Rares sont les objets datant de la première moitié du XXe siècle qui ont su résister au phénomène de mode.
Un boîtier « portable »
À leur intention, Panerai est venu avec son lot de nouveautés dans son escarcelle, essentiellement des extensions de la ligne Radiomir 1940, présentée il y a deux ans, qui a certainement inspiré ces lignes à l’historien d’art Philippe Daverio : « Rares sont les objets datant de la première moitié du XXe siècle qui ont su résister au phénomène de mode. Ceux qui y sont parvenus ont fait bien plus qu’illustrer une période et ses caractéristiques : ils ont également contribué activement à les définir. Ce sont aujourd’hui des archétypes ancrés dans la conscience collective. C’est ce qui est en train de se produire avec les montres florentines de Panerai. Ce sont des classiques de la modernité. » Ce style est donc parfaitement reflété par le boîtier de ces Radiomir 1940 qui témoigne de l’évolution des produits de la marque entre 1930 et 1950. De la Radiomir originale de 1936, la pièce conserve la carrure de forme coussin mais sans les anses à fil, remplacées par celles que l’on retrouvera dans les références Luminor 1950, références qui se verront, elles, dotées de l’emblématique dispositif protège-couronne. Outre le classicisme du modèle propre à séduire les amateurs asiatiques, la taille du boîtier se réduit également à 42 mm pour mieux épouser la morphologie de leur poignet. Et peut-être également pour tenter la gent féminine, qui ne représente jusqu’ici que 10 % de la clientèle Panerai.

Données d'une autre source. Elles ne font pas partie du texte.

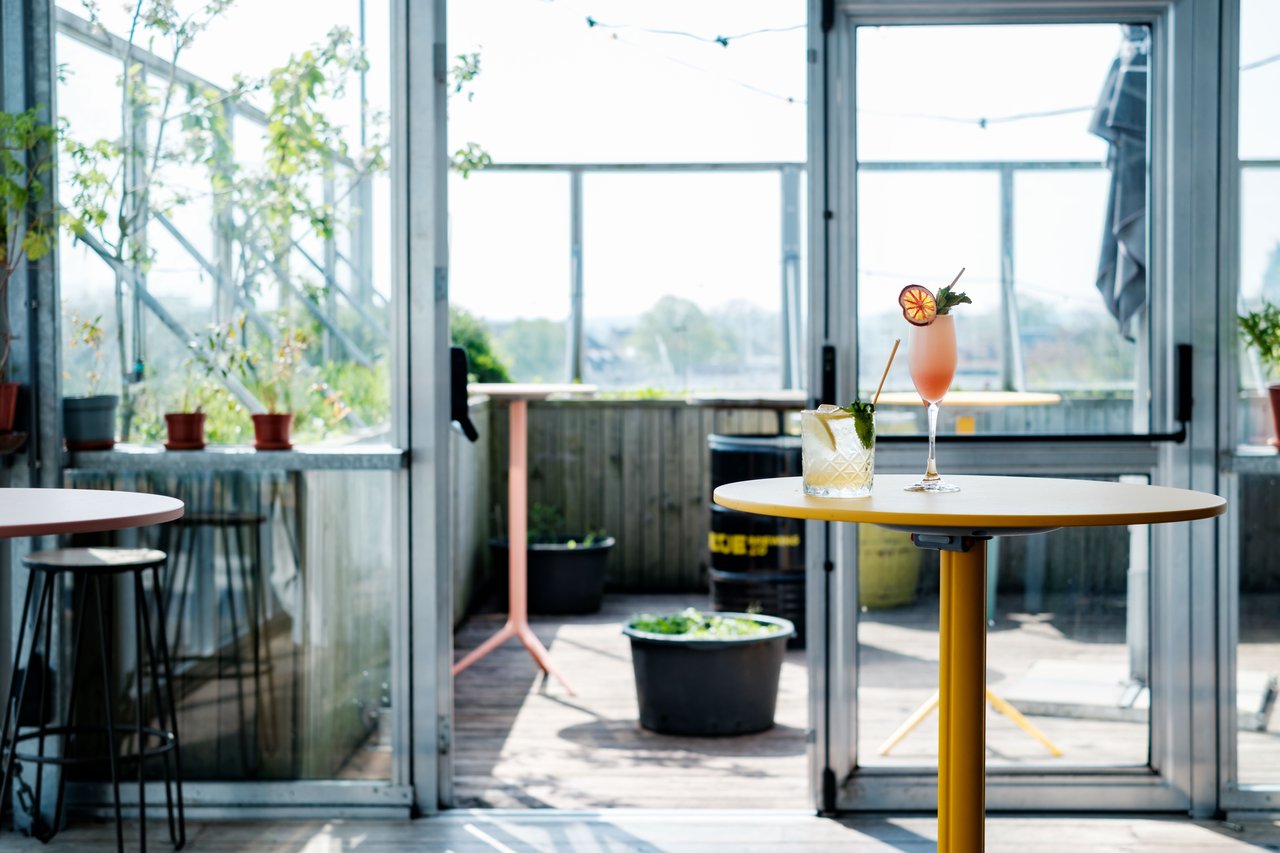 Privé ruimte met dakterras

Au programme de cette ligne Radiomir 1940, une version à remontage manuel doté du nouveau calibre P.1000 avec disposition de remise à zéro de la seconde et réserve de marche de trois jours grâce à deux barillets et une version automatique avec le mouvement P.4000. La ligne est ensuite complétée par deux modèles aux complications déjà introduites dans les autres collections de la marque, à savoir un GMT à 10 jours de réserve de marche (calibre P.2003/10) proposé dans un boîtier de 45 mm, et en 48 mm un tourbillon également GMT, mieux connu sous l’appellation Lo Scienziato (mouvement squelette P.2005/S). Fidèle à sa politique consistant à distiller çà et là quelques éditions limitées, Officine Panerai présente deux éditions spéciales de 300 exemplaires de la Luminor 1950 3 Days 47 mm en titane. Une horloge de table avec cadran classique Panerai protégé par une sphère en verre minéral complète la donne. Comme pour démontrer que, de temps à autre, une petite infidélité à l’orthodoxie est aussi guise d’excitation.